Cracks in vibrating component can initiate catastrophic failures. The presences of cracks change the physical characteristics of a structure which in turn alter its dynamic response characteristics. Therefore there is need to understand dynamics of cracked structures. Crack depth and location are the main parameters for the vibration analysis. So it becomes very important to monitor the changes in the response parameters of the structure to access structural integrity, performance and safety. A number of analytical, numerical and experimental techniques are available for the study of damage identification in beams. The objective of this paper is to develop a damage detection method in a composite cantilever beam with a double edge crack has been studied using finite element method. The vibration-based damage detection methods are based on the fact that changes of physical properties (stiffness, mass and damping) due to damage will manifest themselves as changes in the structural modal parameters (natural frequencies, mode shapes and modal damping). The task is then to monitor the selected indicators derived from modal parameters to distinguish between undamaged and damaged states. In the present study, vibration analysis is carried out on a cantilever beam with two open transverse cracks, to study the response characteristics and damage identification is based on the damage index method.

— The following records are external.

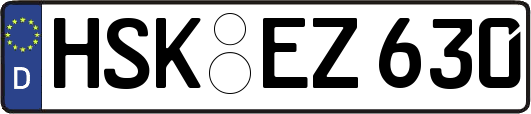 HSK-EZ630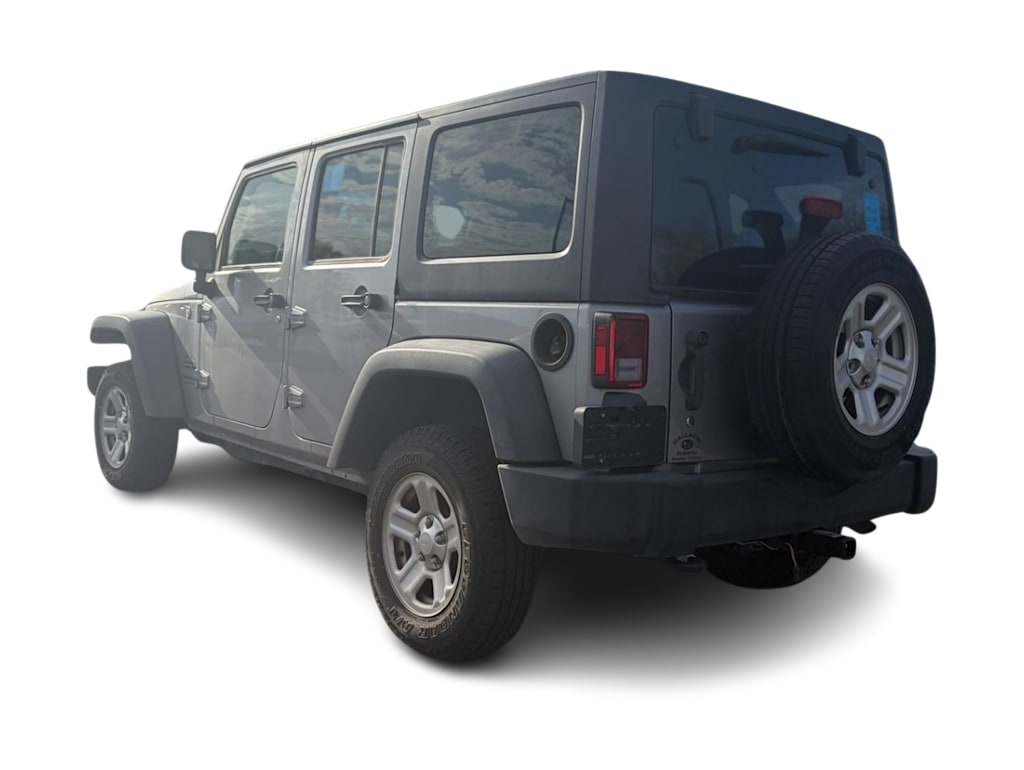 Thumbnail: 2018 Jeep Wrangler - 4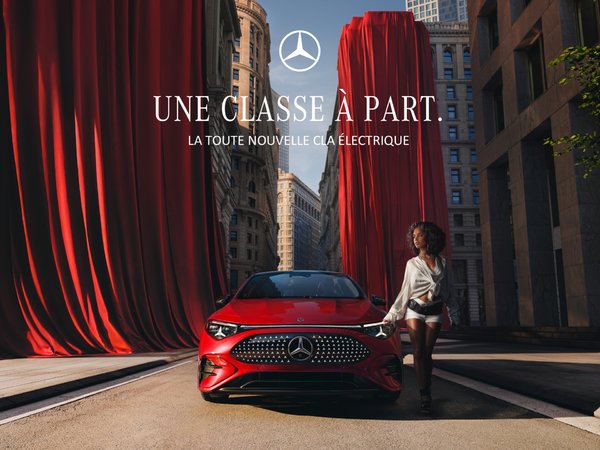Faites l'essai de la CLA Électrique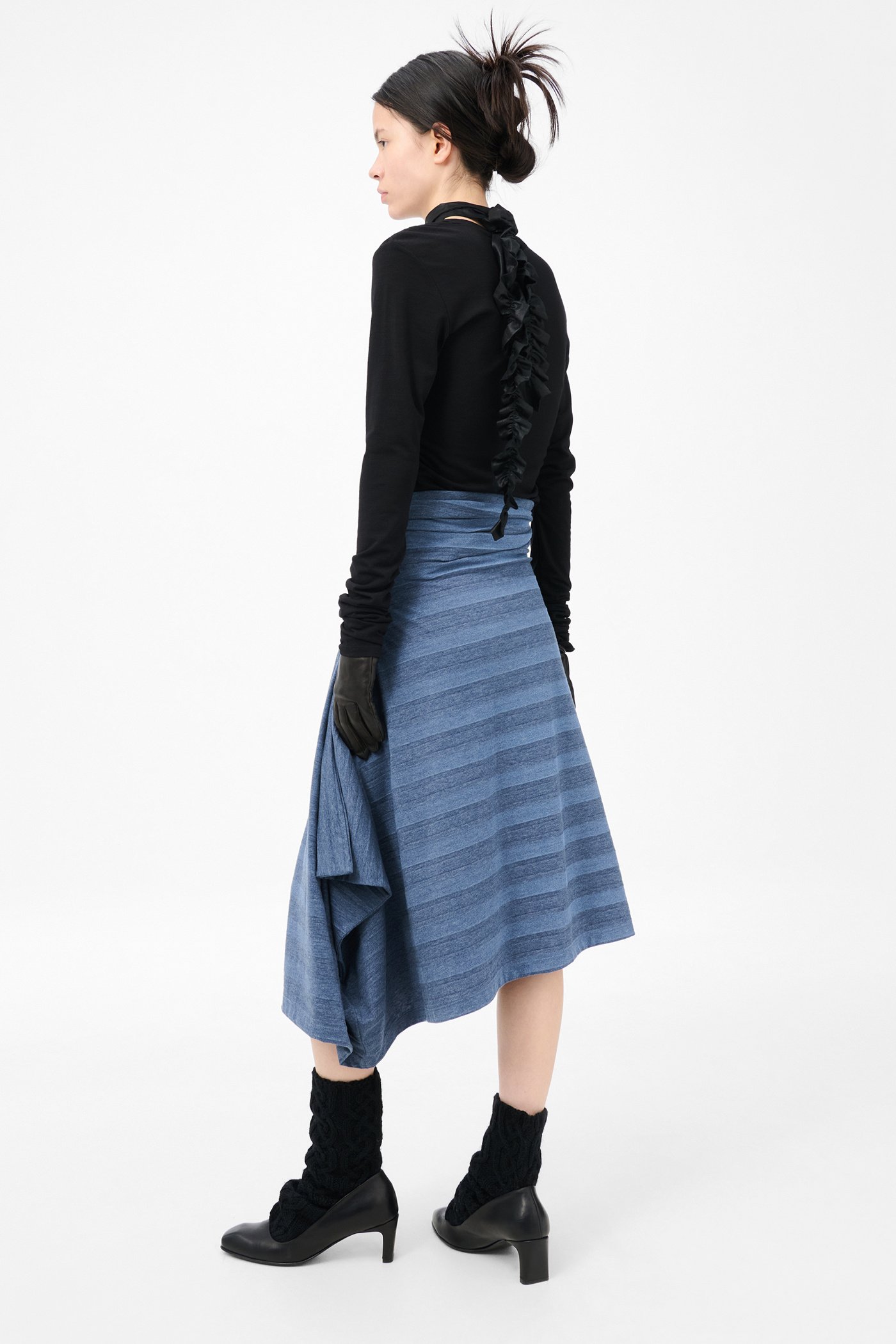 SASH SKIRT 4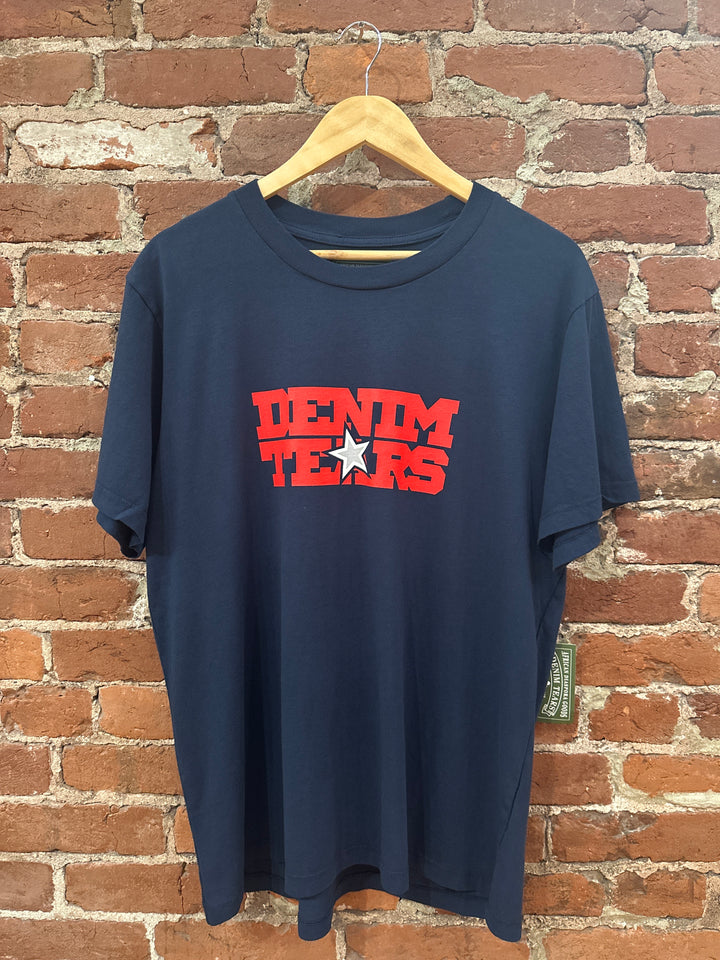 Denim Tears Most Dangerous Tee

Suitable boundary conditions are used to find out natural frequency and mode shapes. The results obtained numerically are validated with the results obtained from the simulation. The simulations have done with the help of ANSYS software. The importance of using damage patterns from the damage index method, (which is based on changes in modal strain energies) is that only measured mode shapes are required in the damage identification. The results shows, the damage index based method is capable of identification of damage and severity of damage in a structure.

Keywords: Open transverse cracks; Modal parameters; Damage Index; Damage Indicator; Damage severity.